The Supreme Court decision that obliterated important aspects of McCain/Feingold campaign laws was a victory for the 1st Amendment as well as corporate America. As much as it pains me, this decision was the correct one; we cannot have restrictions on political speech. It does not matter if the means for disseminating the speech are the public air waves or a bullhorn from atop a soap box, the right to political speech must be preserved.

In the dissenting opinion Justice John Paul Stevens said, “The court’s ruling threatens to undermine the integrity of elected institutions around the nation.” While perhaps true, both candidates and voters are smart enough, in tune enough with their surroundings to not be overly influenced by the greed of big pharma, oil, health insurance companies, unions, and others.
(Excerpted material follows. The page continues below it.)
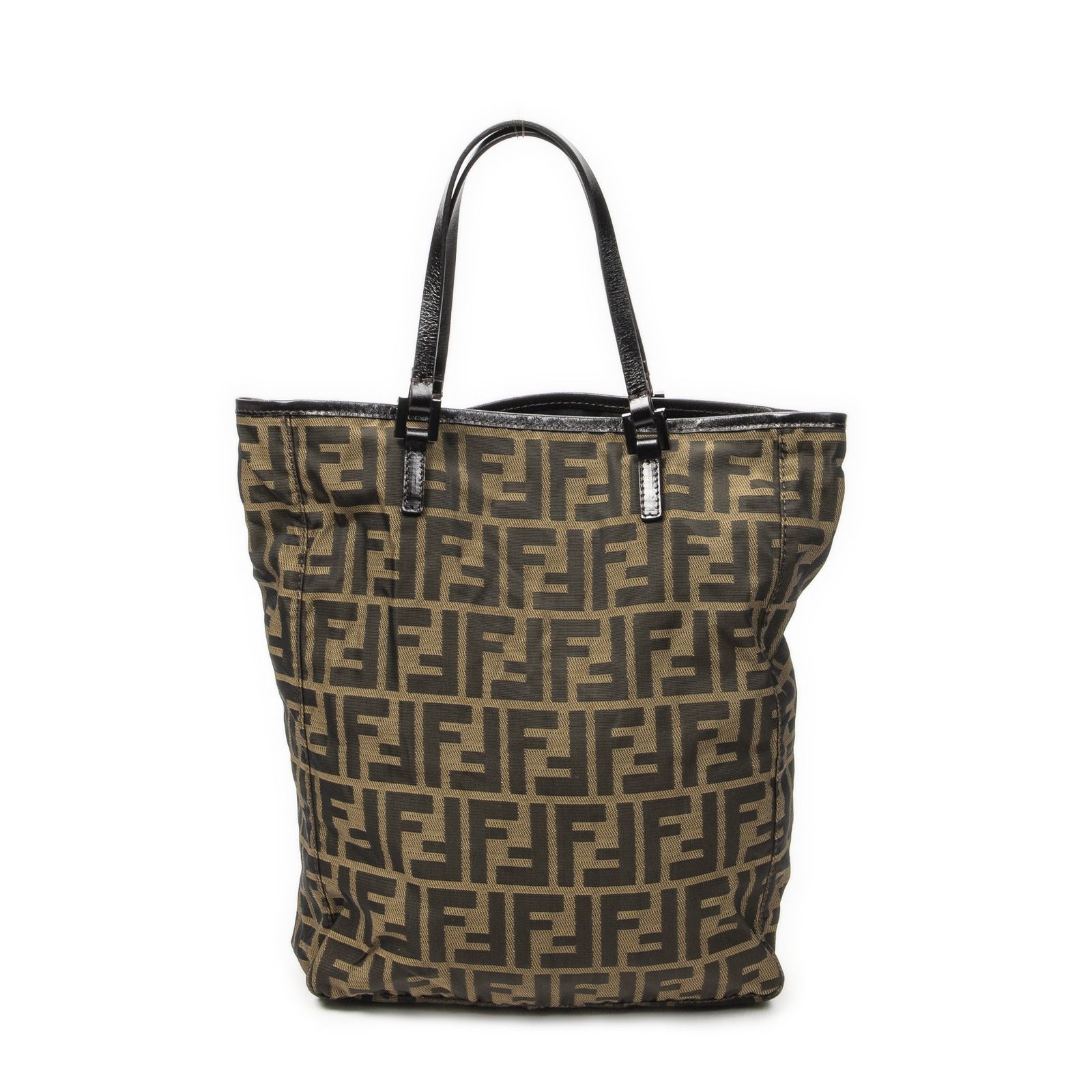 [中古] FENDI フェンディ縦型ショッピングトートタン/ダークブラウンZucca ナイロンキャンバスA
Tossed aside by the court decision were laws limiting corporations or unions from being broadcast or transmitted 30 days before a presidential primary and 60 days before the general election. Fortunately, left intact, at least for now, are bans that date back to 1907. Some important limits do remain intact: Corporations still cannot give money directly to federal candidates or national party committees. Also upheld were some other restrictions, including disclosure requirements for nonprofit groups that advocate for political candidates.

Now, to combat what the Supreme Court has undone, efforts must be made in D.C. to establish a system similar to Maine’s Clean Election Act (MCEA).

Passed by referendum and in effect since 2000, candidates demonstrate citizen support by collecting a set number of $5 qualifying contributions from voters within their districts. They are then eligible for campaign funding from the Clean Election Fund. Candidates must agree to forgo all private contributions (including self-financing), and limit their spending to the amount from the fund.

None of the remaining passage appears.